A report to be released Tuesday catalogs a rundown in Canada's capacity to defend the safety and security of its water that, the expert authors say, will have "serious repercussions" for economic and human health.

In a report that mentions water exports only in passing, the independent, non-profit Forum for Leadership on Water, a group of academic, NGO and retired public sector experts in water policy, find that decades of policy and spending neglect have left the federal government "crippled" in the face of mounting threats to Canada's water.

Those mainly arise from climate change and Canadians' own economic, regulatory and engineering decisions, the authors of the report, which appears as special issue of the Forum's online Policy Watch Monitor, say.

In one alarming detail, they note that the volume of renewable water available to Canada's most populous regions declined by nearly nine percent between 1971 and 2004, and continues to fall.
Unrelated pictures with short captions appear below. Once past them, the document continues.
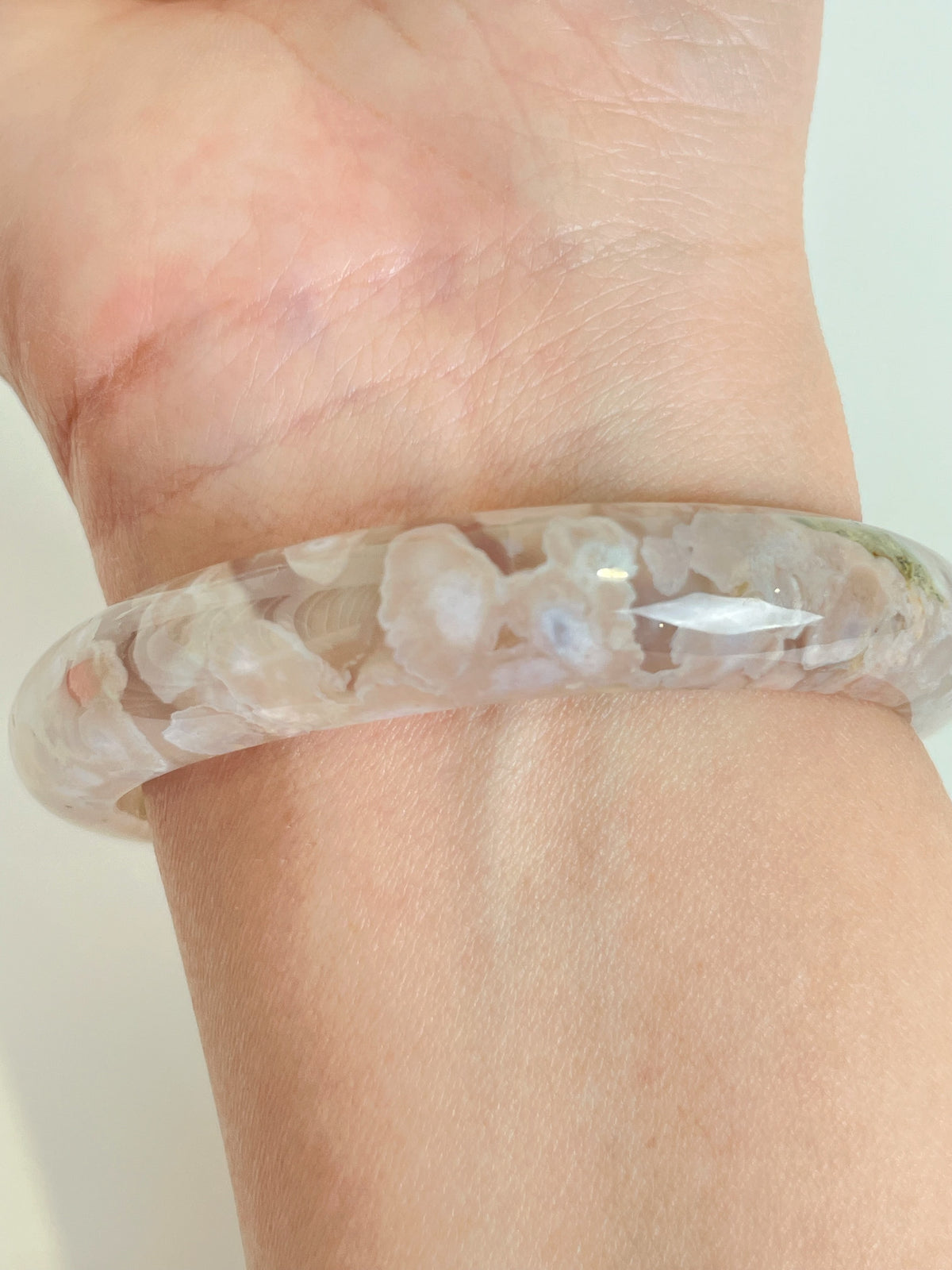 Beautiful flower agate bangle showcasing delicate floral patterns, worn on a wrist.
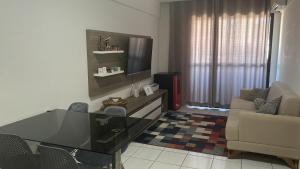 Et tv og/eller underholdning på Ap mobiliado Praia de Iracema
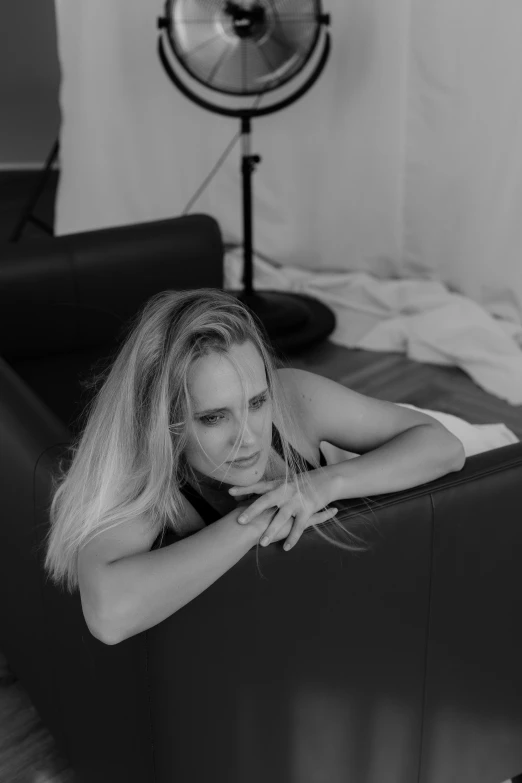 a woman laying on top of a black leather couch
The report notes evidence that the effects of climate change are being felt as well in the decline of rivers in the Prairie west, where additional water can no longer be withdrawn in some basins; in the recurring floods in Manitoba; and the decline of both water levels and water quality in the Great Lakes.

Daily choices at every level of the economy also emerge as home-grown threats to Canada's water. The report notes that in Montreal, for example, the failure to maintain water mains allows as much as 40 per cent of that city's expensively treated drinking water to leak into the ground.

No legal teeth

At the same time observes Simon Fraser University law professor David Boyd, one of the report's authors, "Canada does not have legally enforceable national drinking water standards," with the result that one watchdog group has estimated that more than 1,000 drinking water advisories -- and three dozen "do not consume" warnings -- were in force on an average day in Canada.

"Canada is behind the curve," Boyd charged. Compared to other countries, and particularly the European Union, Canada has lagged in efforts to eradicate exotic synthetic chemicals -- linked to health effects including a world-wide epidemic of genital deformities and altered gender ratios at birth -- from water supplies.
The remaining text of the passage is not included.